Finales de julio de 2012.El pequeño puerto de
Madalena –en la isla de Pico, Azores– es la puerta de un hormiguero que
barrunta lluvia.
Es
temprano, el día se presenta frío y la gente, todavía con el sueño
asomado a los ojos, se acomoda lo menos expuesta posible a la brisa oceánica,
para realizar el trayecto de apenas cuatro millas marítimas que nos separan de
Horta, en Faial.
Unos islotes de pura piedra parecen la bisagra
sobre la que se unieran, bajo el agua, estas dos islas tan próximas y tan
distantes. Las gaviotas blanquean los salientes y acrecientan la sensación
gélida, como si una escarcha inexistente se hubiera instalado en la arista de
cada risco.
De entre estos
islotes fronterizos uno sobresale y exige de nuestra atención, pues
presenta una hendidura estrecha, centrada, nítida, como una cerradura que
abriera o cerrara el paso a otro espacio. Desde este punto ya sólo se piensa en
Faial como si cuanto hemos visto antes hubiera desaparecido y no abandonáramos
nada a nuestra espalda.
Muy pronto se hace presente Horta, parapetada en
su dique ilustrado, poblado de mástiles desnudos como un bosque de chopos en
invierno. Y es que para los navegantes
que recalan en Horta es habitual dejar en el dique del muelle un dibujo, un
nombre, una fecha. Es un muro de unos cien metros de largo donde se superponen
dibujos de barcos, colores de banderas, números, frases. Recojo una entre otras
muchas: “Nat, de Brisbane. Voy donde me lleva el viento. Lo dice Antonio
Tabucchi al rememorar un momento de su viaje a esta isla.

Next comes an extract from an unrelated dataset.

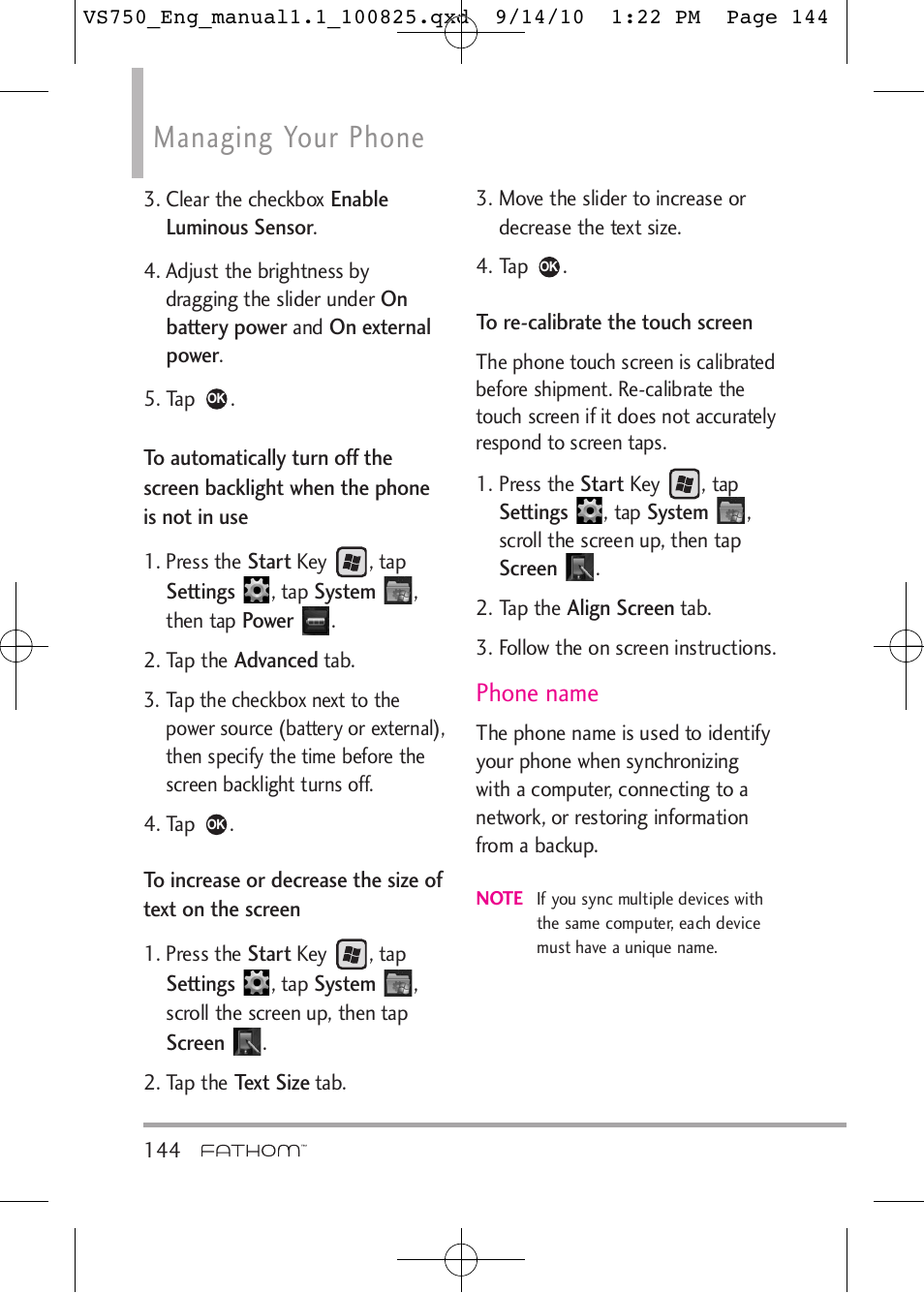 Managing your phone, Phone name | LG -VS750 User Manual | Page 146 / 188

Llegamos, por fin, desperezándonos, encogidos por
la fría mañana, recelosa en su despertar. Pero el bullicio nos recuerda que
este es el puerto más conocido de las Azores.
Hoy el lugar sigue conservando cierta imagen
nostálgica pero ha sido herido de muerte por el correr de los tiempos. A falta
de baleeiros y navegantes, recibe a
turistas y veleros de patrones adinerados, y se va convirtiendo en una
franquicia que vive del romanticismo que buscan en otros tiempos cuantos visitantes recalan en la isla.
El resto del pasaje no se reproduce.